Mythability: The Disabled Mythosphere

by Hayleigh Barclay and Gary Nelson

This workshop will examine how disability/disabled characters are portrayed within creative media. We will explore the concept of disability and if/how it affects narrative. We will deconstruct the myths of sociocultural perceptions of disability, how audiences react to disability, and how society creates its own Mythosphere.

As a way of investigating this further, you will create a disabled character and plan out a story arc, thereby populating the Mythosphere with more disabled characters and embracing the limitless possibilities of storytelling. We actively encourage participants to discuss a wide range of media, including stage and screen, literature, and graphic novels.

Important: This workshop has a cap of 12 people. Attendees will state whether they want to participate on Thursday morning, on a first-come, first-served basis.

Dr Hayleigh Barclay has recently obtained a DFA in Creative Writing from the University of Glasgow, focusing on the female vampire within Gothic literature. Part of the doctorate involved writing her first novel, Girl of the Ashes, which currently awaits publication. She is a regular writer for Disability Horizons and has contributed to an online anthology of short stories and poems, Dancing with Death. She received an MA in Creative Media Practice, specialising in writing, directing and producing for TV, film, and radio, including producing a play based on a Pagan retelling of Robert Burns’ Tam O’Shanter.

Gary Nelson has an MA in Creative Media Practice, and spends time between writing and acting. He has taken part in theatre tours in Scotland for productions of Shang-A-Lang and A Streetcar Named Desire, written and directed for a local theatre group, and has been an extra for television shows such as Two Doors Down, Clique, and River City. He is also currently developing live performance events for National Trust venues, a stage play for a Scottish football club, and a sitcom for television, looking at life with a disability.

Embodying Character: Using Acting Techniques to Enter Fictional Worlds

by Alexandra Grunberg

Writing fantasy characters in secondary-world settings can be an overwhelming endeavour. Visualization tools help us enter the worlds we build and see them through the eyes of our characters. In this workshop, I will lead the group in the Strasberg acting technique of visualization, an active exercise in imagination that allows the performer to inhabit the body and environment of the character. We will conclude with a writing exercise from the character’s point of view. This workshop focuses on visualization, not performance, and is appropriate for participants who have no acting experience!

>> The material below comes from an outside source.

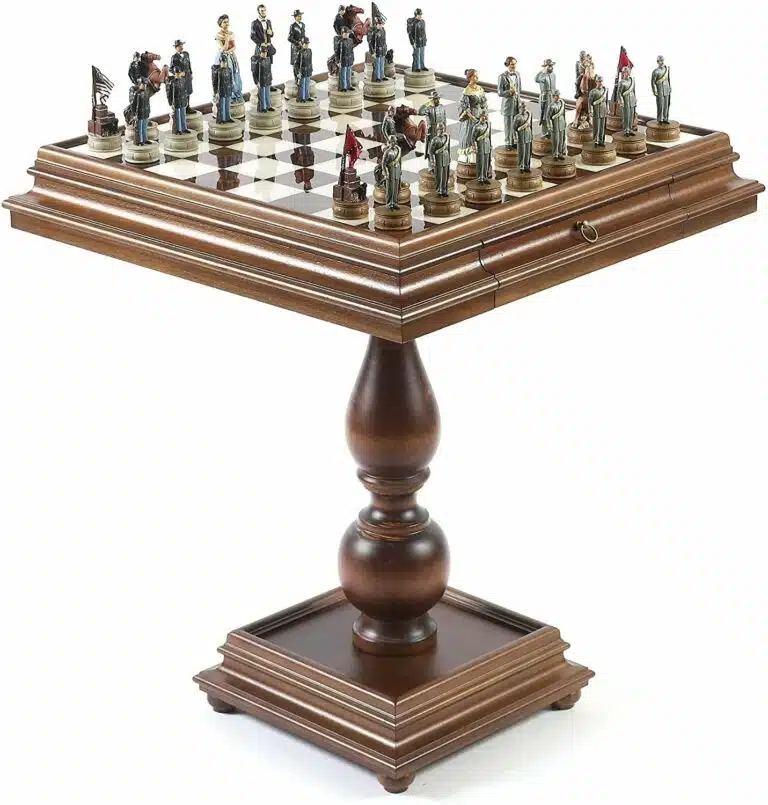 Sezessionskrieg Set Holz- und Marmortisch und Schachfiguren Sezessionskrieg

Important: This workshop has a cap of 20 people. Attendees will state whether they want to participate on Thursday morning on a first-come, first-served basis.

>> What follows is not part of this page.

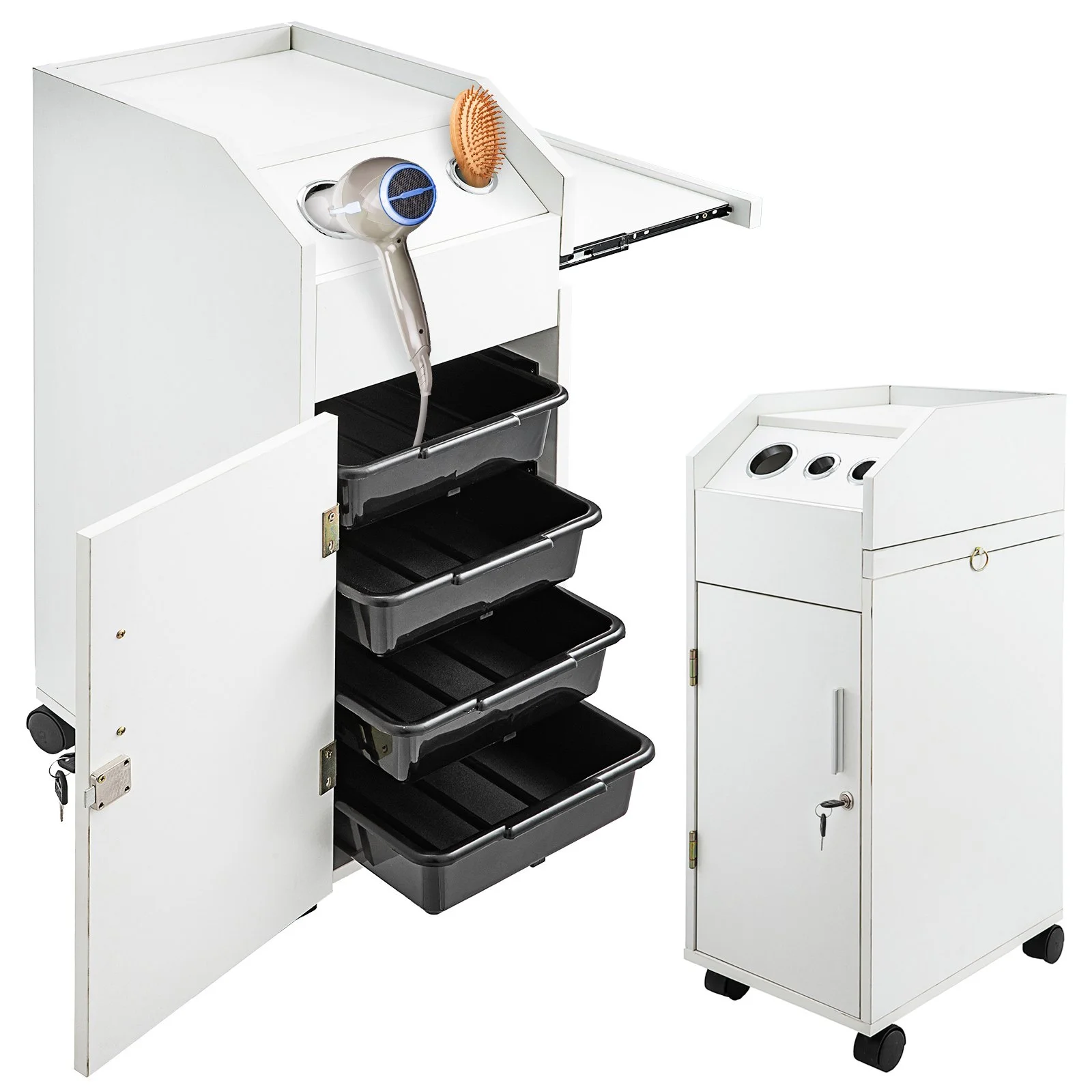 Salon SPA Beauty Hairdressing Cart White Storage Trolley with 4 Drawers Rolling Wheels Lockable 2 Keys with Hairdryer Holder Space-Saving Side Tray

Alexandra Grunberg is an author, screenwriter, and poet. She received an MLitt in Creative Writing with Distinction from the University of Glasgow, where she is currently pursuing a DFA in Creative Writing. She received a BFA in Theatre with Honours from New York University where she studied the Strasberg and Meisner acting techniques. Favourite acting roles include Charlotte Goodall in The Night of the Iguana and Titania/Hippolyta in A Midsummer Night’s Dream. Her fiction has appeared in various magazines and anthologies, including publications certified by the Science Fiction and Fantasy Writers of America.